Biofilm architectural modulations in response to environmental stimuli or depending on bacterial composition. (A) Impact of cell morphology on biofilm spatial organization. Images displayed 2D sections from simulations where biofilms exponentially grown from 1:1 mixtures of red- and blue-labeled strains form distinct 3D patterns depending on the coccal (S) or rod-like (L) morphology of the strain (Adapted from Smith et al., 2017). (B) Impact of substrate availability (High, moderate and low availability) on biofilm architecture and lineage segregation. Simulations were started with a 1:1 mixture of red and blue cells, where cell color served a neutral marker for lineage segregation. Substrate concentration decrease was associated to a higher spatial segregation of cell lineages (Adapted from Nadell et al., 2010). (C) Impact of disturbance frequency on Vibrio cholerae biofilm spatial organization and strain competition.

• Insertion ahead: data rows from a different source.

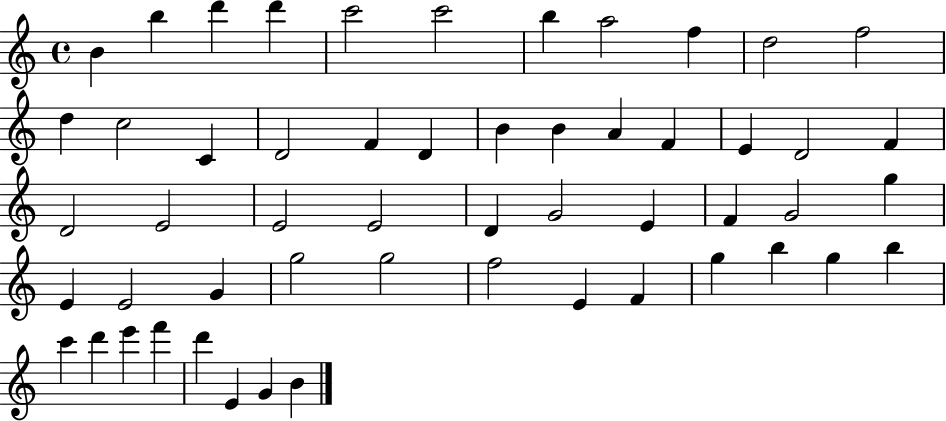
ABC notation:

X:1
T:Untitled
M:4/4
L:1/4
K:C
B b d' d' c'2 c'2 b a2 f d2 f2 d c2 C D2 F D B B A F E D2 F D2 E2 E2 E2 D G2 E F G2 g E E2 G g2 g2 f2 E F g b g b c' d' e' f' d' E G B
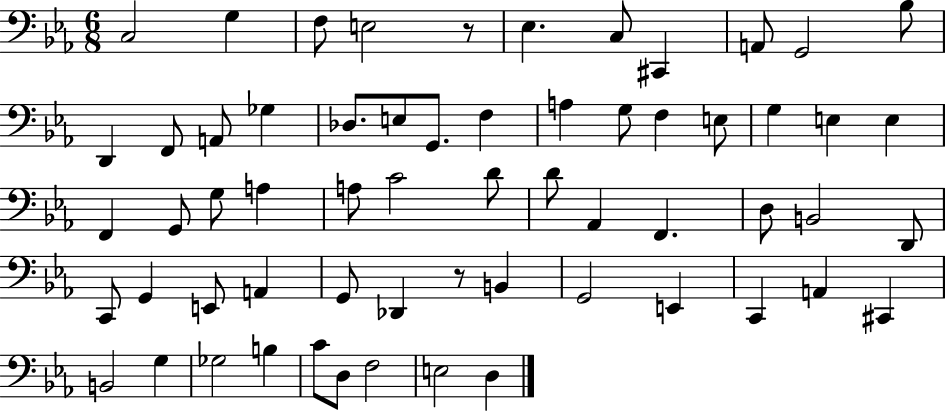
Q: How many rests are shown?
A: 2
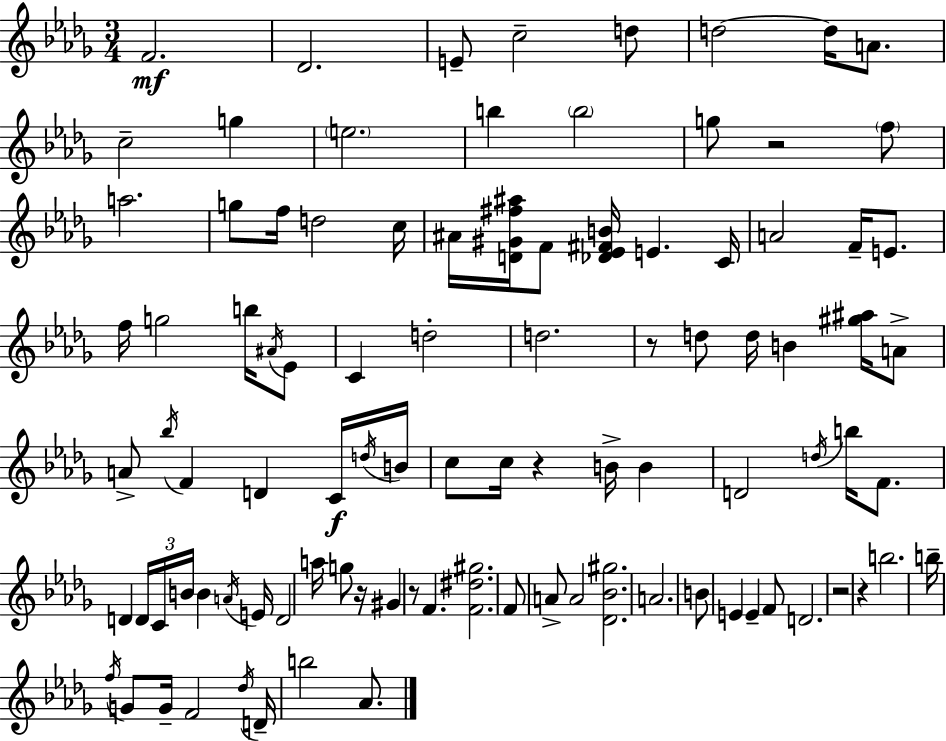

Images are optical sections taken from the bottom cell layer of biofilms initiated with a 1:1:1 mixture of wild-type strain (teal): a mutant strain hyper-secreting biofilm matrix (red): a mutant strain that is unable to produce extracellular matrix (yellow) cells in microfluidic devices (scale bar: 20 μm). Biofilms grew under continuous nutrient provision (left), or underwent disturbance events every 12 h (middle) or every 6 h (right). Each disturbance event consist in stopping the flow during 2 h to lead to nutrient limitation. Cells were then allowed to disperse to a new microfluidic chamber by pumping the dispersed cells from the initial chamber to the new chamber. After a 2 h-incubation, flow was resumed to pump fresh medium in the newly colonized chamber and enable biofilm growth (adapted from Yan et al., 2017). (D) Impact of toxic on EPS production and biofilm structure in Thiomonas sp. CB2. Images show three dimensional confocal reconstruction of 7 day-old biofilms cultivated in the absence, or in the presence of 1.33 and 2.67 mM Arsenic [As(III)]. Biofilms were stained using SYTO9 (cells, green) and ConA (exopolysaccharides, red) (Adapted from Marchal et al., 2011).

FIGURE 3

Sculpting biofilm architecture to control their function. (A) Role of biosurfactants in Pseudomonas putida biofilm architecture. Images displayed vertical sections of biofilms grew in flow chamber during 3 days in presence or absence of rhamnoses. IsoF correspond to the wild-type strain and PL2 strain to a conditional mutant in which the native promoter region of psoA (a gene coding a large non-ribosomal peptide synthethase which directs the biosynthesis of the two cyclic lipopeptide biosurfactants putisolvin I and II) has been replaced with the rhamnose-inducible PrhaB promoter (adapted from Carcamo-Oyarce et al., 2015). Addition of 0.2% rhamnose in growth medium of PL2 lead to the recovery of the flat wild-type biofilm structure suggesting that putisolvins promote the colonization of the substratum. (B) Predation by protozoa affects biofilms spatial organization during gravity-driven dead-end ultrafiltration and induces higher permeate fluxes (adapted from Derlon et al., 2012). (C) Green bacilli creates transient pores in the biofilm matrix of Staphylococcus aureus, leading to an increased sensitivity to biocide action as described in Houry et al. (2012) (courtesy of Julien Deschamps, INRA).